Around the 4-minute mark, Youssef described him to the audience as the American Youssef , and that JS copies everything he does (then tells JS that he said he was awesome). Then said that JS is jealous of him.

As for the traffic lights, we do have them. We just consider them a suggestion!


----------



## Boston Fan (Feb 8, 2006)

Anubys said:


> For those who hate missing anything, here are the small parts in Arabic...


Thanks for doing that! :up:


----------



## fmowry (Apr 30, 2002)

Anubys said:


> For those who hate missing anything, here are the small parts in Arabic
> 
> Youssef introduced him as one of the conspirators Morsi is always talking about. An American spy.
> 
> ...


I wish you would have recapped BEFORE I watched the whole boring thing.  It's a bit better now.


----------



## sieglinde (Aug 11, 2002)

I have been to Cairo and while riding on the major highway we noticed three lanes were painted on the road but there were about five lanes of traffic. Horns honking all the time. We perceived that horns were also used as a greeting not just a warning.


----------



## sharkster (Jul 3, 2004)

Thanks, Anubys! I saw the snippet, but didn't try to find the show to watch. Well, since I don't speak Arabic, I figured it would not be a very productive use of my time anyway.

Loved how they did the introduction as a spy and then the surprise of it being JS.

I was compelled by the fact that JS speaks Arabic, however. At first I was wondering if he really did or if he was just making sounds. I know he's a smart guy, so I guess it shouldn't be surprising.


----------



## busyba (Feb 5, 2003)

I don't think he speaks Arabic so much as he can recite a small handful of words and phrases that were memorized phonetically by rote. 

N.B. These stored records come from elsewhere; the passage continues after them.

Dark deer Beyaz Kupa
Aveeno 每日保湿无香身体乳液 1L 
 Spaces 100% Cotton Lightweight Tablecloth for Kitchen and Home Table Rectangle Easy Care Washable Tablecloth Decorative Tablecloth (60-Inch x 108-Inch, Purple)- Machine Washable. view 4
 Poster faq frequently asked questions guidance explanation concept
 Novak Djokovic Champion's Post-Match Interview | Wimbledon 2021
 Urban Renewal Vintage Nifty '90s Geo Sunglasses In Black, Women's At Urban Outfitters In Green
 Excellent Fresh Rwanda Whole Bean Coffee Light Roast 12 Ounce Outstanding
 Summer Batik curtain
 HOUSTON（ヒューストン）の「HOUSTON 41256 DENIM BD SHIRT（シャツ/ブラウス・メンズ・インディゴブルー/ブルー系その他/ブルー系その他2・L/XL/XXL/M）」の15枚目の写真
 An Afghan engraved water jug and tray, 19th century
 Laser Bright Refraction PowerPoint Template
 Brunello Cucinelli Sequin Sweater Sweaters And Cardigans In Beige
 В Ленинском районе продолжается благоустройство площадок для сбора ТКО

He "speaks" Arabic the same way I "speak" Russian.


----------



## spartanstew (Feb 24, 2002)

I'm enjoying it so far with Oliver.



Anubys said:


> huh...I hardly ever listen to interviews unless it's someone very interesting. Even then, JS is usually pretty bad.


Agreed. I never watch the interviews in 90% of the episodes and when I do, I don't know if I'd say Stewart is bad at the interviews, but he's not excellent.


----------



## YCantAngieRead (Nov 5, 2003)

Stewart is an AMAZING interviewer. You guys need to watch. He's better than 99% of the people who are trained in journalism.


----------



## Boston Fan (Feb 8, 2006)

YCantAngieRead said:


> Stewart is an AMAZING interviewer. You guys need to watch. He's better than 99% of the people who are trained in journalism.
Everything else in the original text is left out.